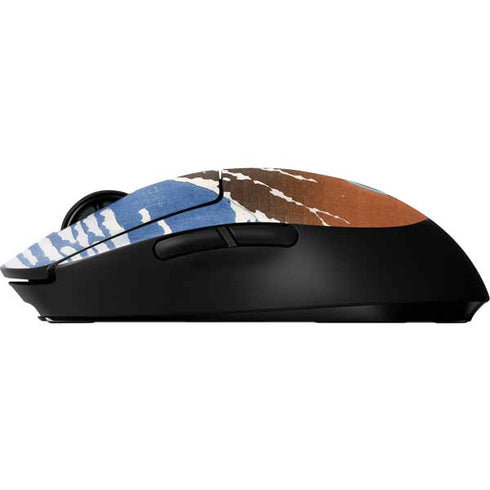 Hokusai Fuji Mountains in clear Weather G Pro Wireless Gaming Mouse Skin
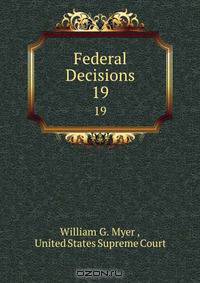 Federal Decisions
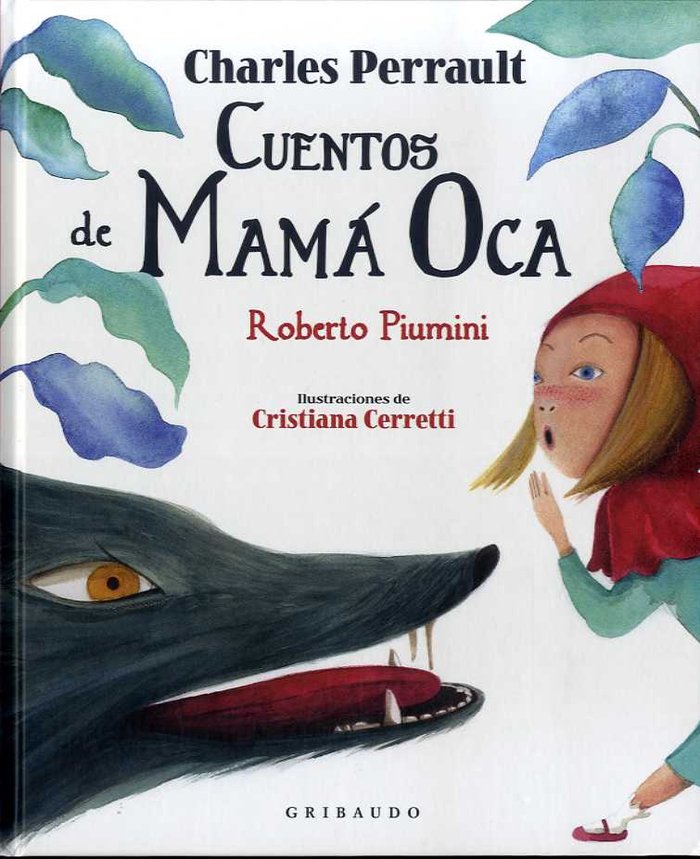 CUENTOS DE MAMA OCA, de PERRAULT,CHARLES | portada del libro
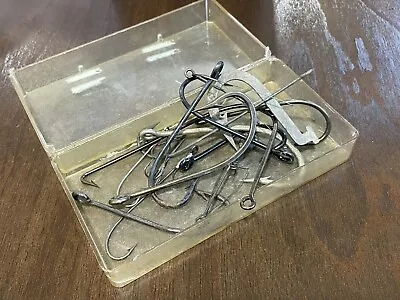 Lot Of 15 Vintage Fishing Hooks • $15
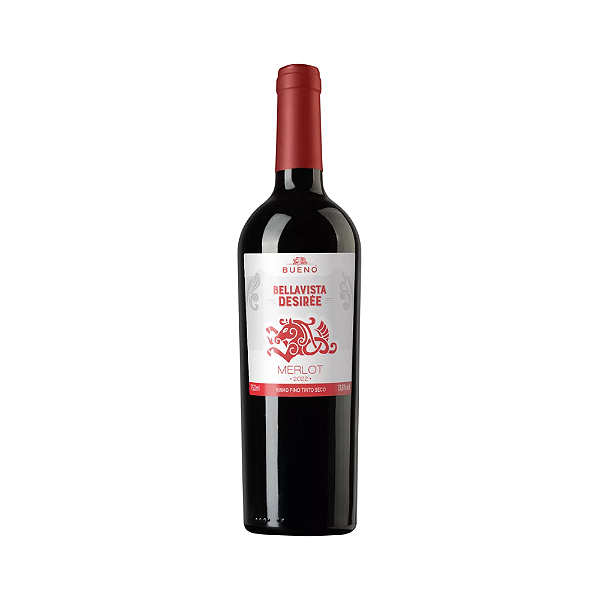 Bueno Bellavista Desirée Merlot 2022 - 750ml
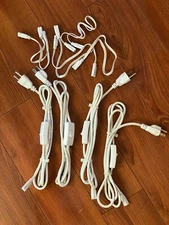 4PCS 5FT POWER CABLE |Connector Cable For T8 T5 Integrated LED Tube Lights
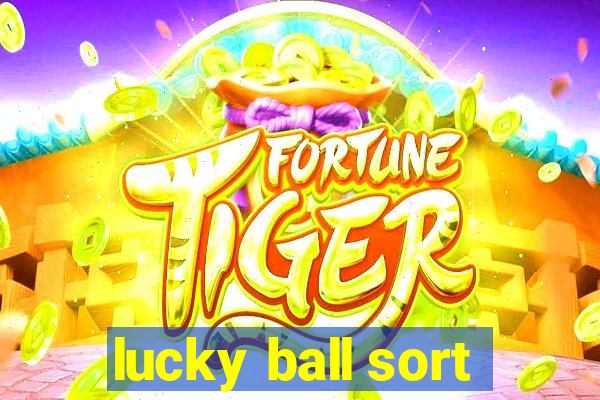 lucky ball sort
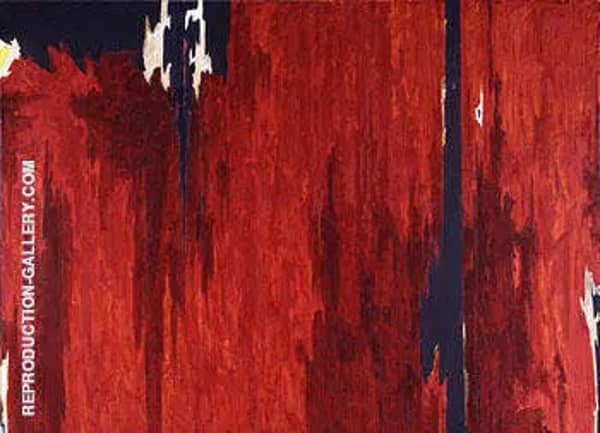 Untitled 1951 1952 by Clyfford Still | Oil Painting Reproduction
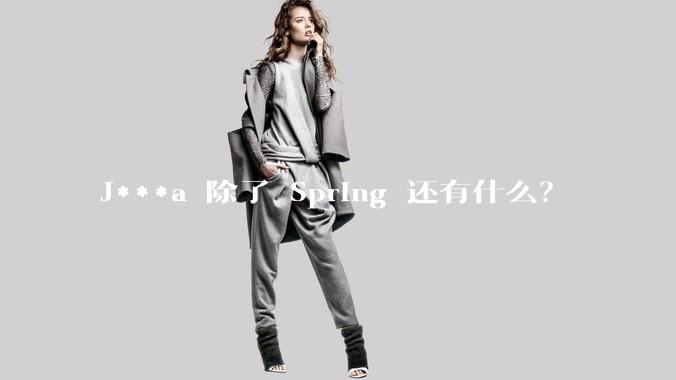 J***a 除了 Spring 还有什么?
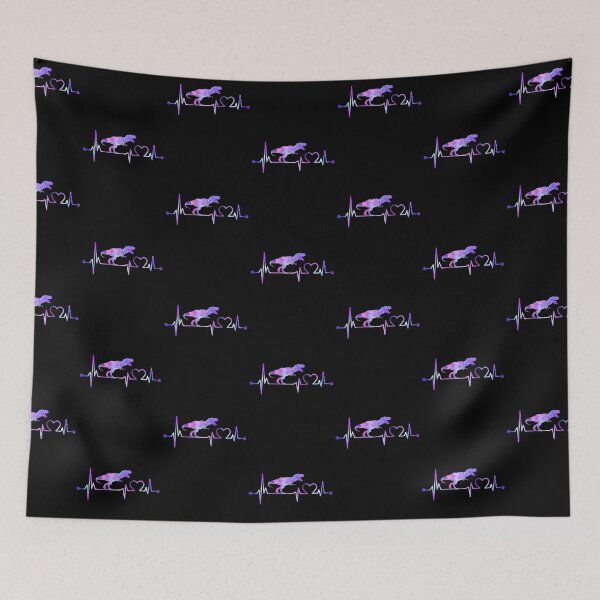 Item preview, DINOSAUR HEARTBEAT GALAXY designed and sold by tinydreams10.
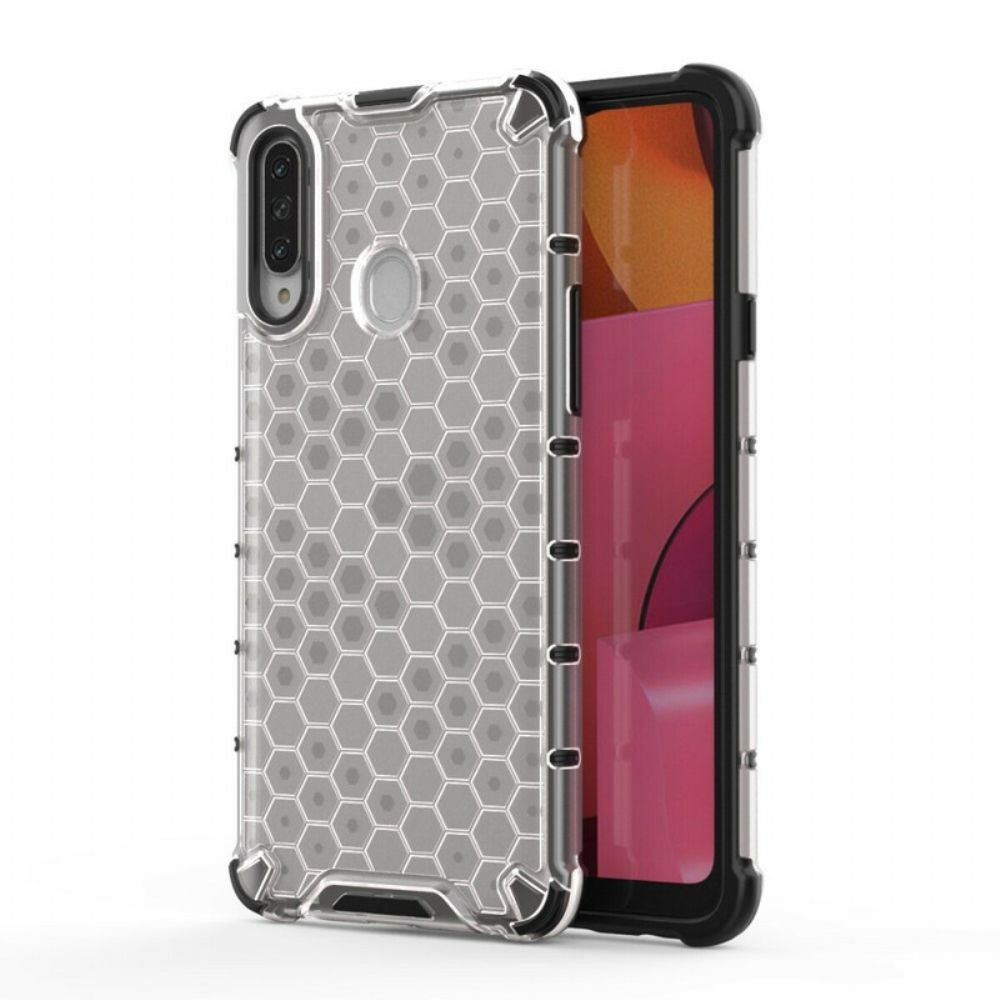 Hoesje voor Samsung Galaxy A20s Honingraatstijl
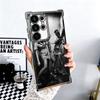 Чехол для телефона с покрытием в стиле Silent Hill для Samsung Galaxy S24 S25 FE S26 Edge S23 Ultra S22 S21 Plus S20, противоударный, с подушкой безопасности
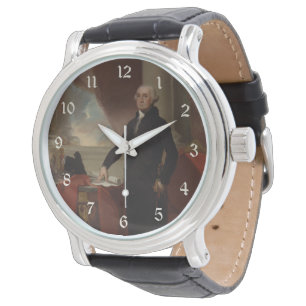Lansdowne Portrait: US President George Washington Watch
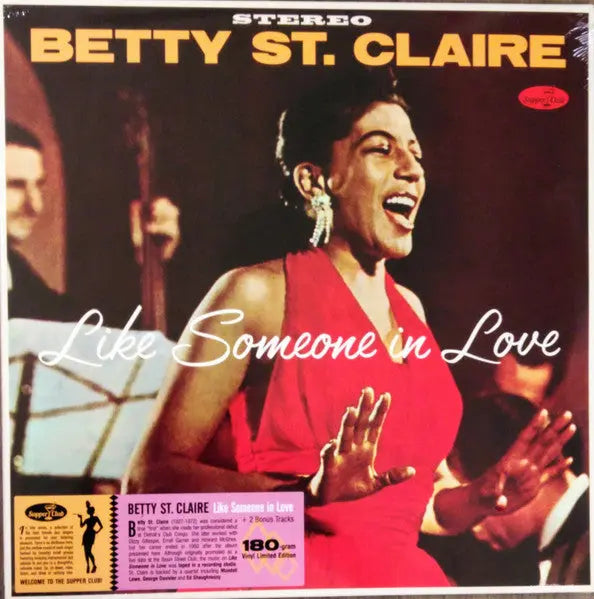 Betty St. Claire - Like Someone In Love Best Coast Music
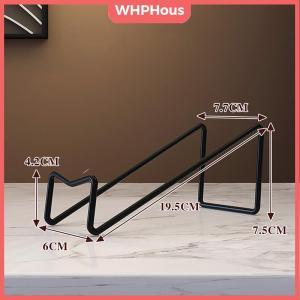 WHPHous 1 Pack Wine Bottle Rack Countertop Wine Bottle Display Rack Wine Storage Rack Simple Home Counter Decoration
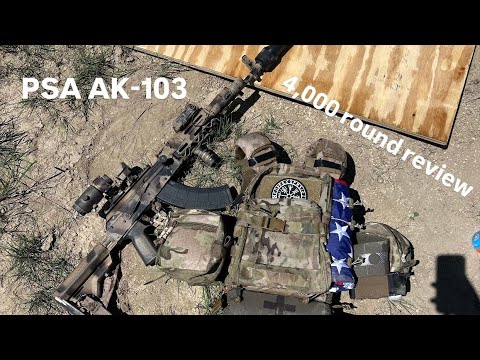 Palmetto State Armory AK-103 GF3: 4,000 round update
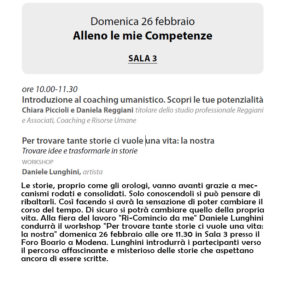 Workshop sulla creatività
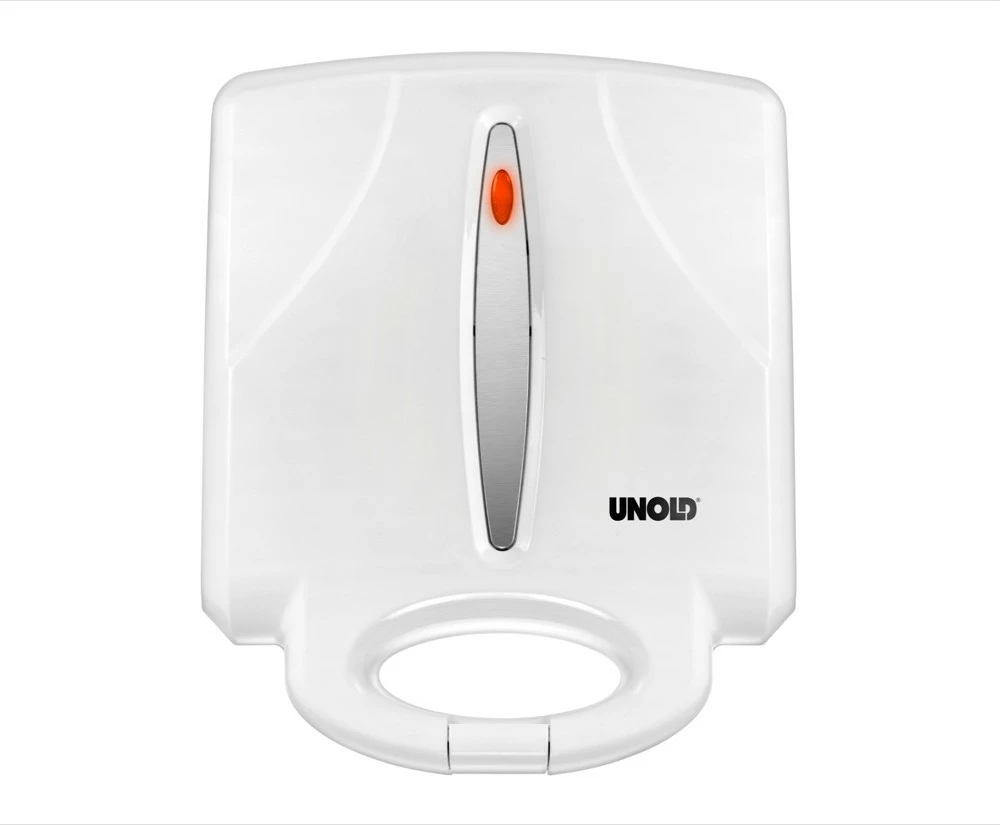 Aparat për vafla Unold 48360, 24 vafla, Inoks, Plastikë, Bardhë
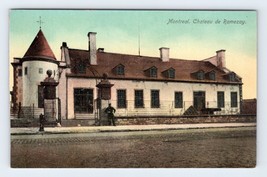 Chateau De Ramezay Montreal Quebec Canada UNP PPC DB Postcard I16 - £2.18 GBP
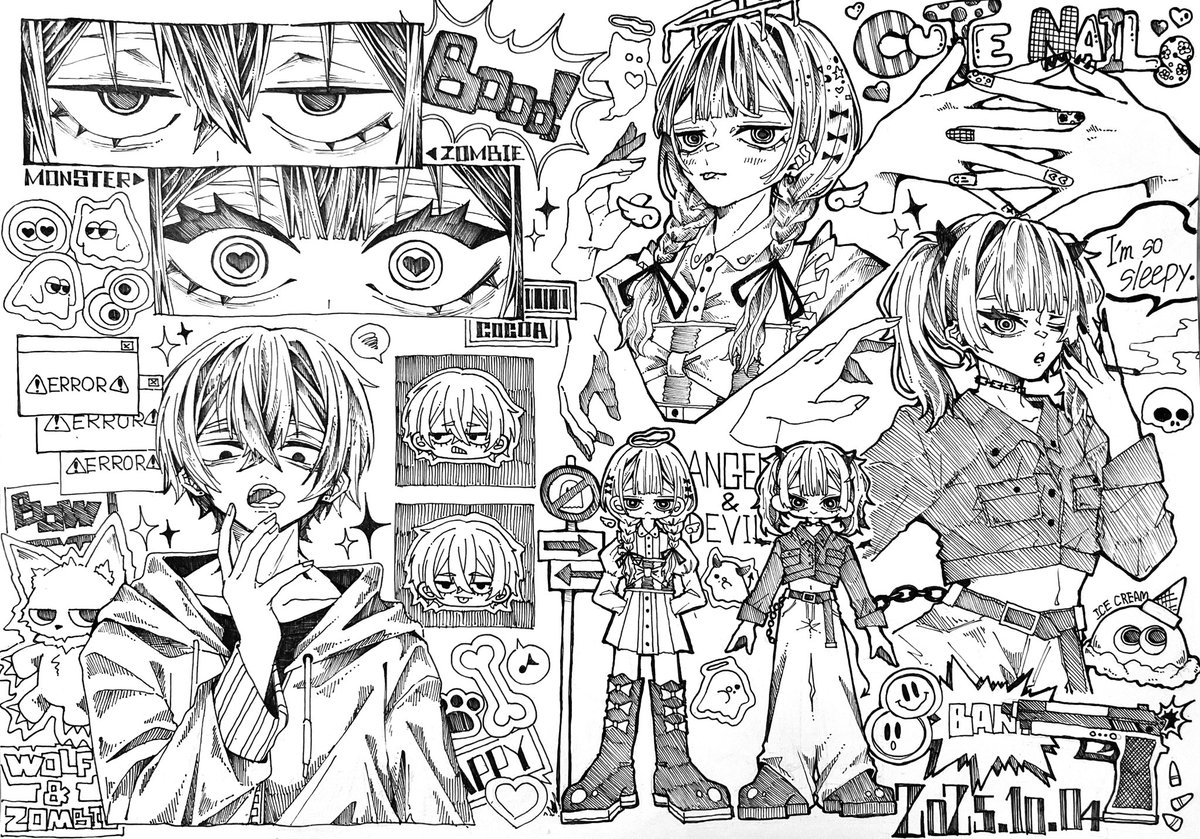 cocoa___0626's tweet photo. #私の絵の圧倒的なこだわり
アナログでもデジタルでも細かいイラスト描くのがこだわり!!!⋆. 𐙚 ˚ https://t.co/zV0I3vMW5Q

◆ **Problem details**
The task calls for duplicating the data exactly, with no images kept.

◆ **The answer**
 Hokusai Fuji Mountains in clear Weather G Pro Wireless Gaming Mouse Skin
 Federal Decisions
 CUENTOS DE MAMA OCA, de PERRAULT,CHARLES | portada del libro
 Lot Of 15 Vintage Fishing Hooks • $15
 Bueno Bellavista Desirée Merlot 2022 - 750ml
 4PCS 5FT POWER CABLE |Connector Cable For T8 T5 Integrated LED Tube Lights
 lucky ball sort
 Untitled 1951 1952 by Clyfford Still | Oil Painting Reproduction
 J***a 除了 Spring 还有什么?
 Item preview, DINOSAUR HEARTBEAT GALAXY designed and sold by tinydreams10.
 Hoesje voor Samsung Galaxy A20s Honingraatstijl
 Чехол для телефона с покрытием в стиле Silent Hill для Samsung Galaxy S24 S25 FE S26 Edge S23 Ultra S22 S21 Plus S20, противоударный, с подушкой безопасности
Lansdowne Portrait: US President George Washington Watch
 Betty St. Claire - Like Someone In Love Best Coast Music
 WHPHous 1 Pack Wine Bottle Rack Countertop Wine Bottle Display Rack Wine Storage Rack Simple Home Counter Decoration
 Palmetto State Armory AK-103 GF3: 4,000 round update
 Workshop sulla creatività
 Aparat për vafla Unold 48360, 24 vafla, Inoks, Plastikë, Bardhë
 Chateau De Ramezay Montreal Quebec Canada UNP PPC DB Postcard I16 - £2.18 GBP
 cocoa___0626's tweet photo. #私の絵の圧倒的なこだわり
アナログでもデジタルでも細かいイラスト描くのがこだわり!!!⋆. 𐙚 ˚ https://t.co/zV0I3vMW5Q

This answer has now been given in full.